# What the exercise asks
Pictures excluded, output the lines of the data below between the one holding "Casa com 600m²" and the one holding "Pyramids Of Giza", inclusive, exactly as they stand.

# Records shown
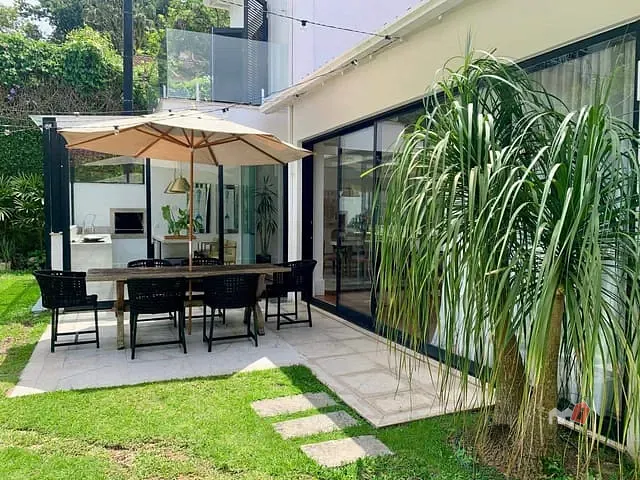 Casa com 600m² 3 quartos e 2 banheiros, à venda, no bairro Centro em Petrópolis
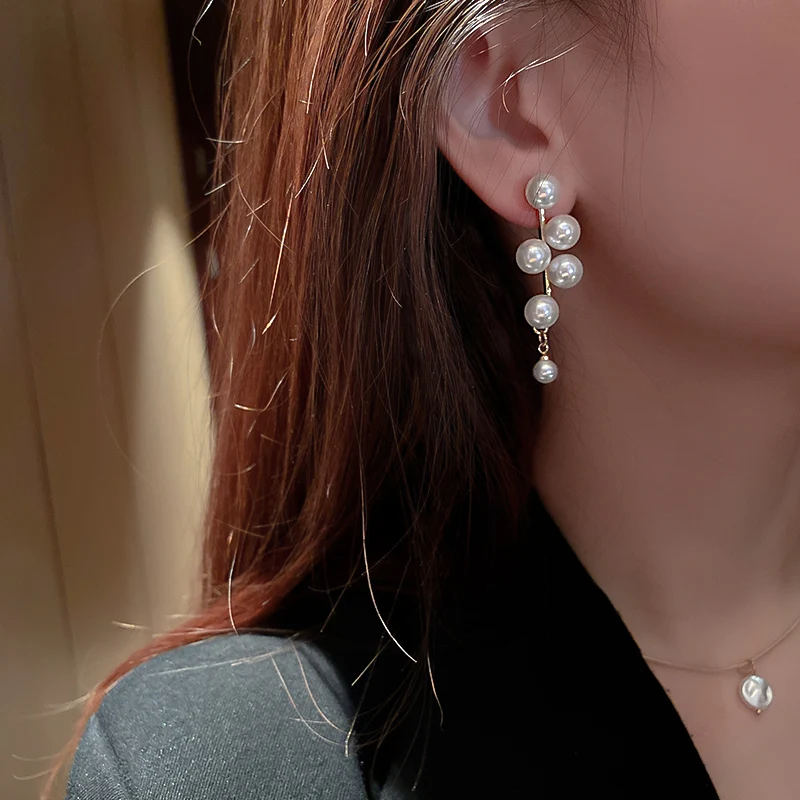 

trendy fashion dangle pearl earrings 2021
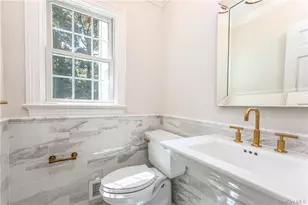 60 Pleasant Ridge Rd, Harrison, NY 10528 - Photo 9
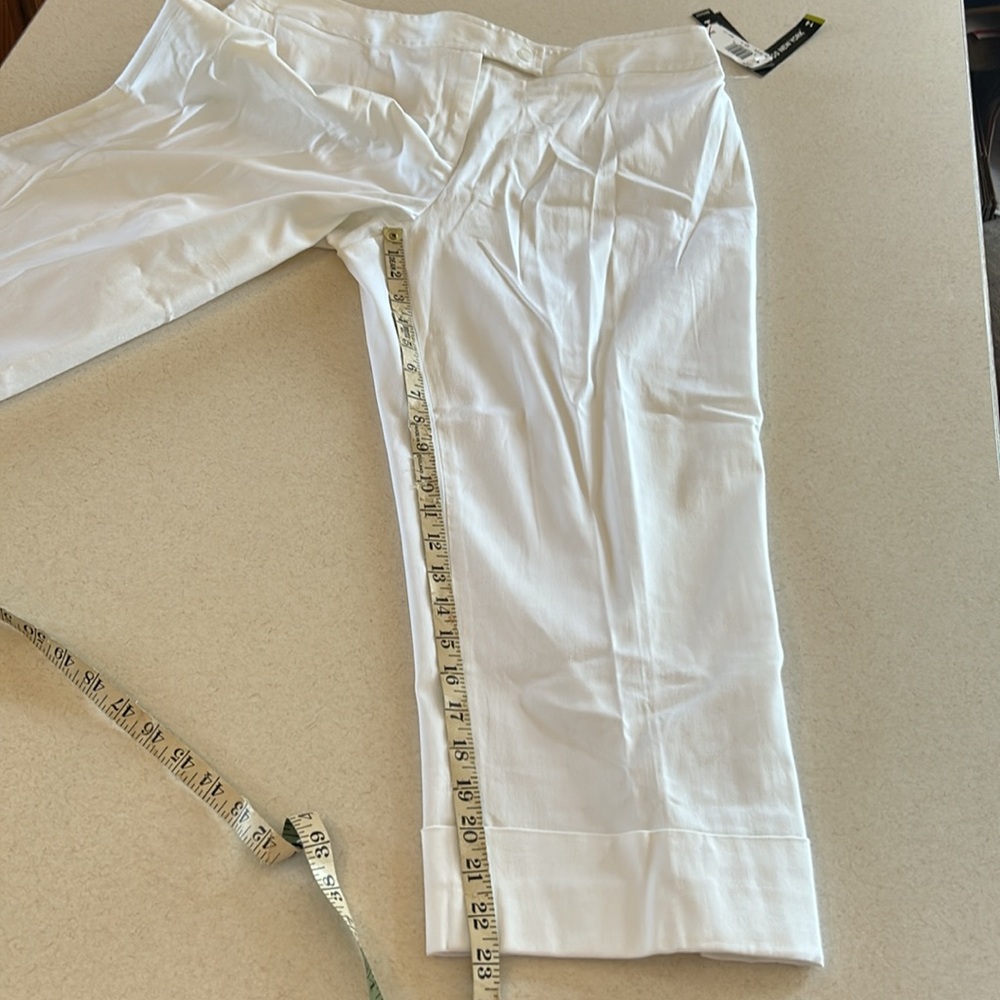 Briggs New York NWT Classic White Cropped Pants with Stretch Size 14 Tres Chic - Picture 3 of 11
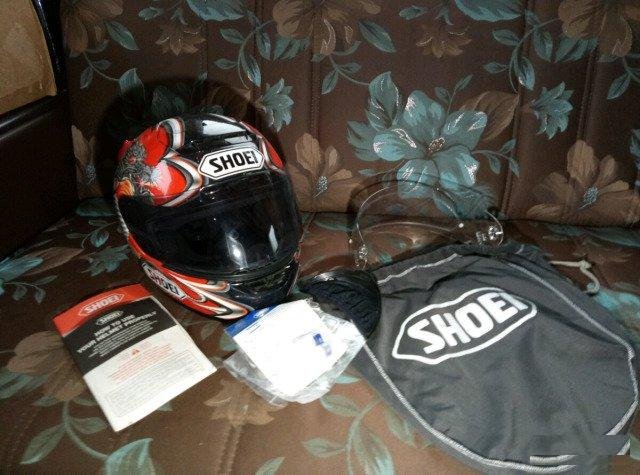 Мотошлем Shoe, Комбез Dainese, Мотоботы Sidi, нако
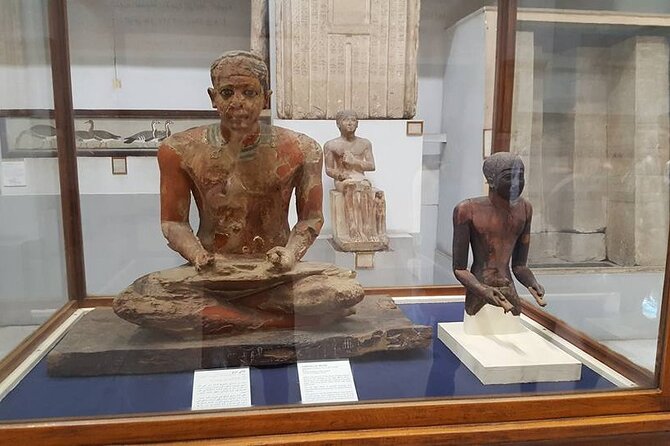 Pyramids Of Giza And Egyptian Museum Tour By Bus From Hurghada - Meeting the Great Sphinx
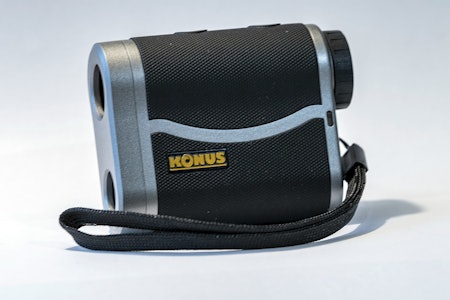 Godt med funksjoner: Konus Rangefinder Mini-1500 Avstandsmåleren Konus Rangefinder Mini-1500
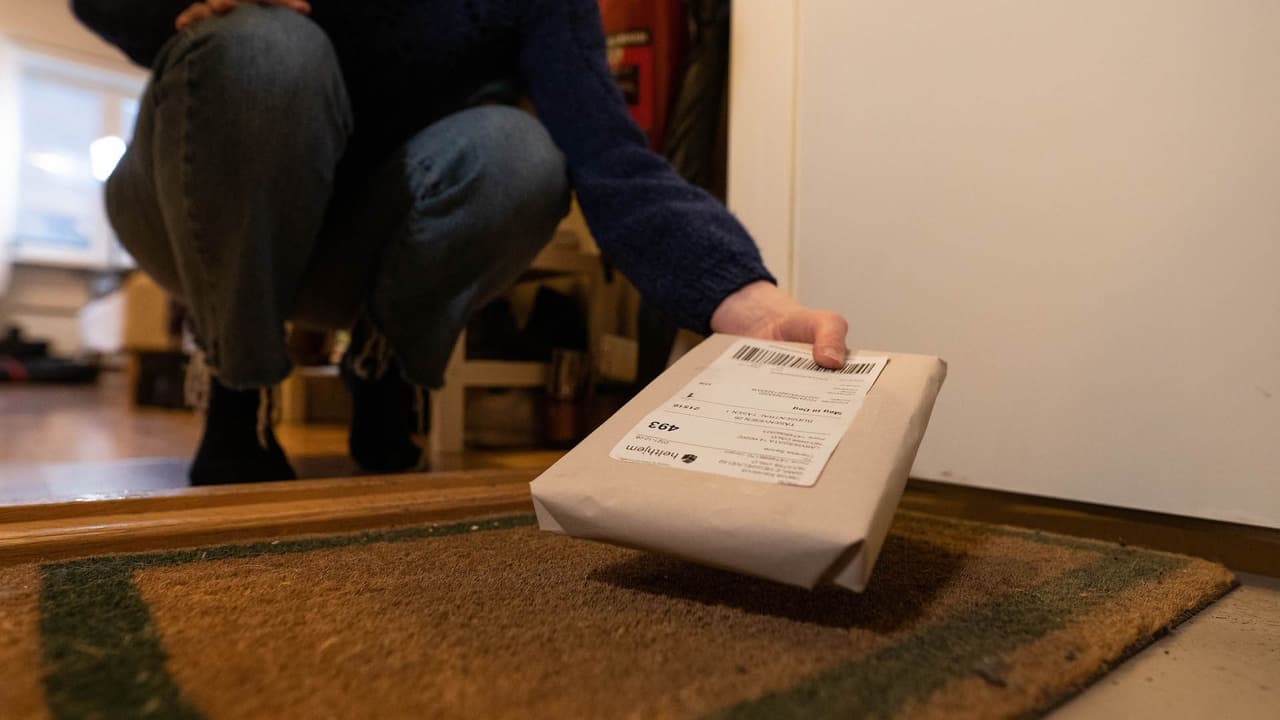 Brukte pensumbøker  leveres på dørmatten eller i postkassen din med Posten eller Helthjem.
...
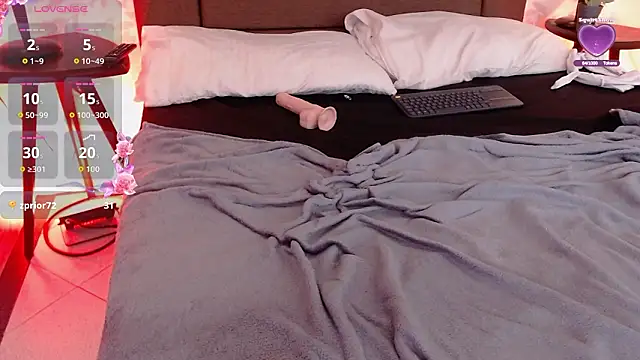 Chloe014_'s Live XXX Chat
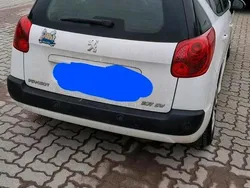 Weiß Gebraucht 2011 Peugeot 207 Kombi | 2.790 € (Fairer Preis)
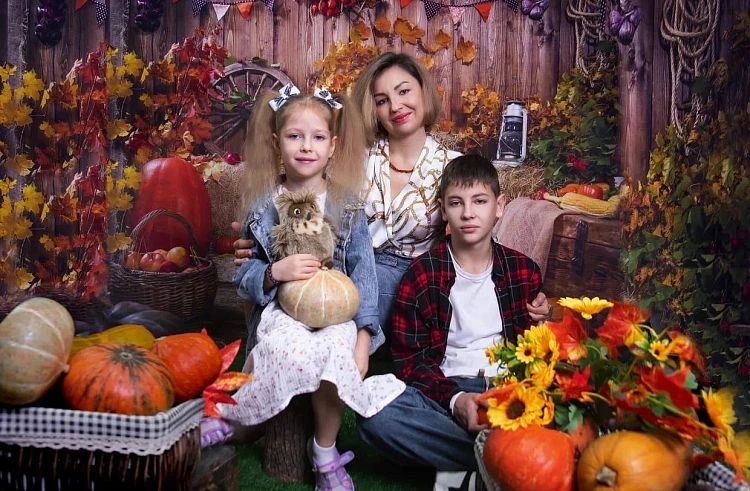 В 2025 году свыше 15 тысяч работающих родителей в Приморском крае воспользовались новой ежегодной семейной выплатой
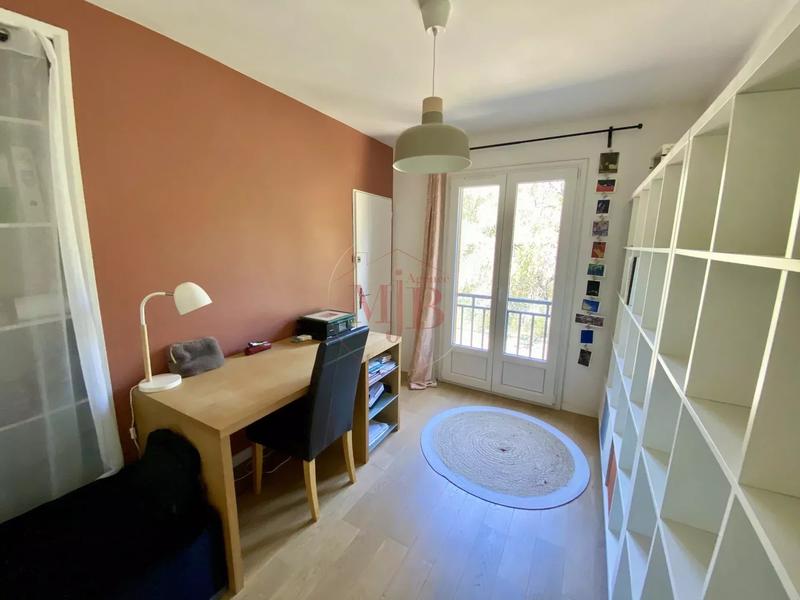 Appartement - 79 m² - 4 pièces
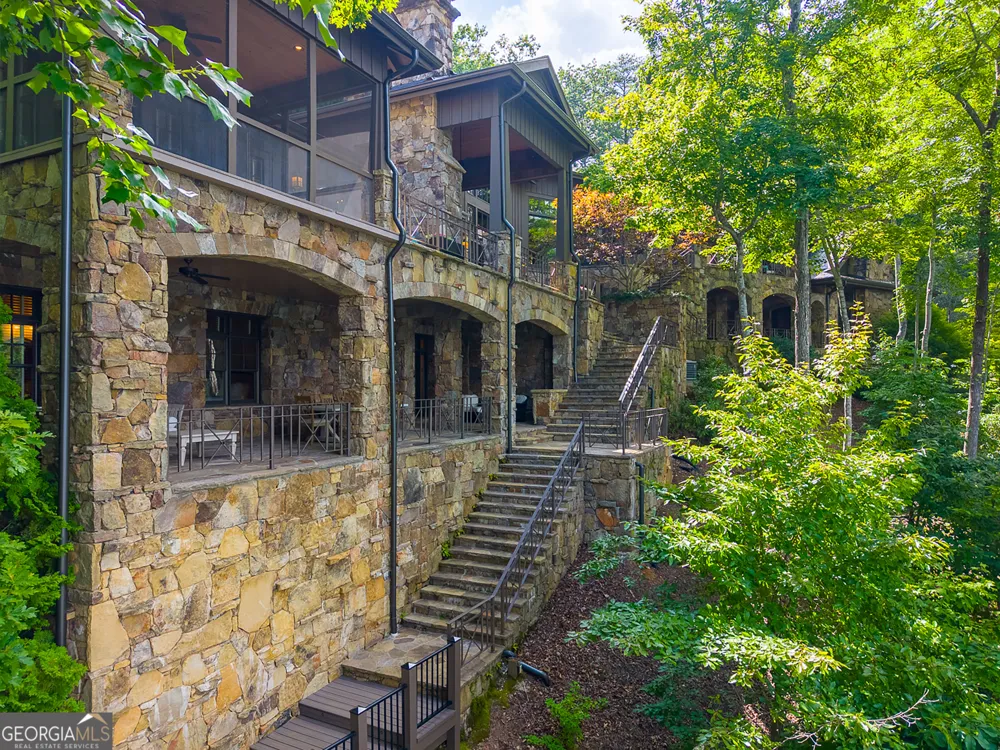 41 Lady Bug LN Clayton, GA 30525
==
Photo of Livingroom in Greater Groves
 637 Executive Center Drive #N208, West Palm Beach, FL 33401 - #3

# Written response
 Casa com 600m² 3 quartos e 2 banheiros, à venda, no bairro Centro em Petrópolis

trendy fashion dangle pearl earrings 2021
 60 Pleasant Ridge Rd, Harrison, NY 10528 - Photo 9
 Briggs New York NWT Classic White Cropped Pants with Stretch Size 14 Tres Chic - Picture 3 of 11
 Мотошлем Shoe, Комбез Dainese, Мотоботы Sidi, нако
 Pyramids Of Giza And Egyptian Museum Tour By Bus From Hurghada - Meeting the Great Sphinx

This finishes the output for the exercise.